La beauté prend parfois un chemin qui déroute Sans craindre de ramper au fond des souterrains Et sous ma croûte elle a de quoi casser la croûte : Estomac, intestins, foie, pancréas et reins.
Un médecin zélé en eut la connaissance Le jour où j’avalai une cuillère en or ; Ils coupa les liens qui m’enfermaient la panse Et plongea doigts et mains pour saisir le trésor.

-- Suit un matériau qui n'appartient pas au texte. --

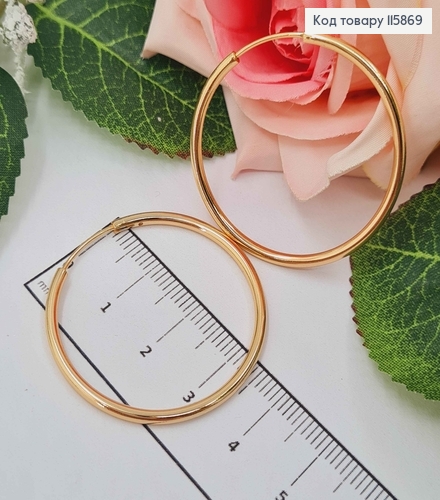 Серьги кольца, диам. 3,5см, Xuping 18K 115869 фото 1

Et il s’extasia : Mon Dieu, quelle merveille ! Cet objet rencontré s’est si bien marié Dans l’écrin velouté avec le sang qui veille A se déplacer sans être contrarié
A travers un palais cossu et confortable Où chaque pièce offre les plus beaux avantages D’ordre, d’agencement ; même le périssable A été programmé pour faire ses bagages.
(Et il remarqua sous les salles de massage Un outil amusant au fort tempérament Capable d’adresser de visu le message Qu’il est aussi fringant et dur qu’un diamant.)
L’ustensile sortit du temple émerveillé D’avoir connu un monde où s’écoulent les heures Dans la chaleur, le luxe en restant éveillé Avant de revoir les laideurs extérieures.
Adieu palais de plis, de coins et d’oubliettes Où l’on s’épanouit sans être importuné Au sein d’un personnel étranger aux diètes Grassement dévoué au client fortuné.
Et le royal métal redeviendra l’esclave Des aliments, des dents, des langues, des palais Tous réunis autour d’une table en conclave A élire un vin blanc ou un durian malais.
Ah ! S’il n’avait été que bronze, fer ou cuivre Aucun n’aurait eu un pauvre regard pour lui Et personne n’aurait imaginé le suivre Dans une cavité où seule la nuit luit.
Pourtant, les mines d’or ont germé dans la terre Et une pépite a crû puis touché les cieux En devenant l’astre solaire solitaire Qui, comme la cuillère est aussi précieux.